**PROBLEM REQUIREMENTS**
The result should be an exact copy of the data, free of pictures.
(DATA begins)
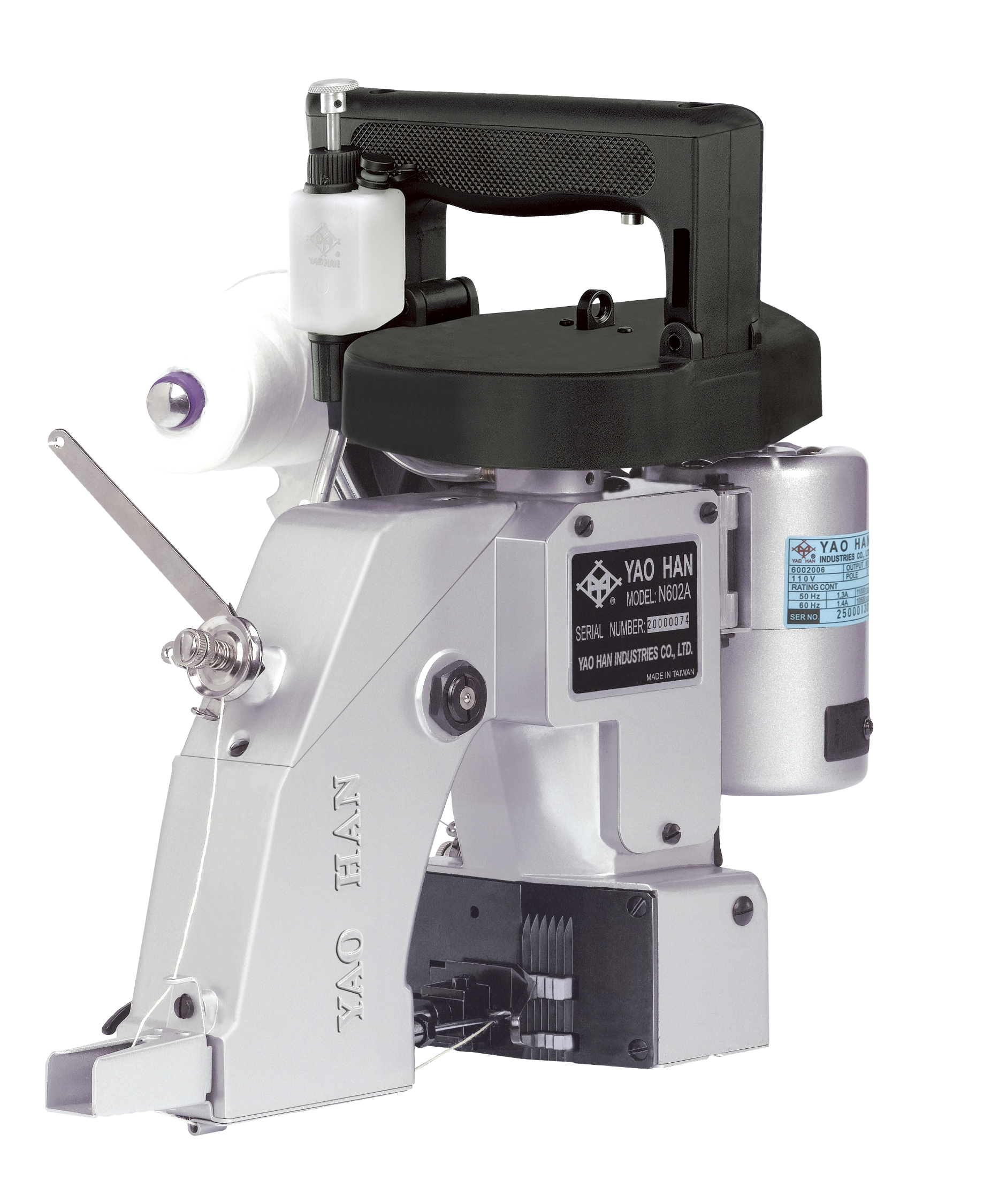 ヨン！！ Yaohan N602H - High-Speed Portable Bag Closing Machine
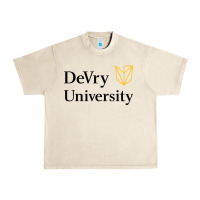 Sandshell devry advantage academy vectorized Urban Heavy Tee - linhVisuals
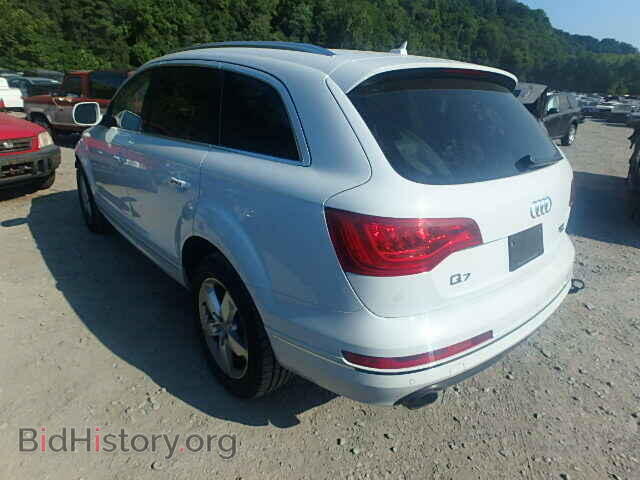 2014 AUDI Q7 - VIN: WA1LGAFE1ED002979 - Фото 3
(DATA ends)
**TASK ANSWER**
 ヨン！！ Yaohan N602H - High-Speed Portable Bag Closing Machine
 Sandshell devry advantage academy vectorized Urban Heavy Tee - linhVisuals
 2014 AUDI Q7 - VIN: WA1LGAFE1ED002979 - Фото 3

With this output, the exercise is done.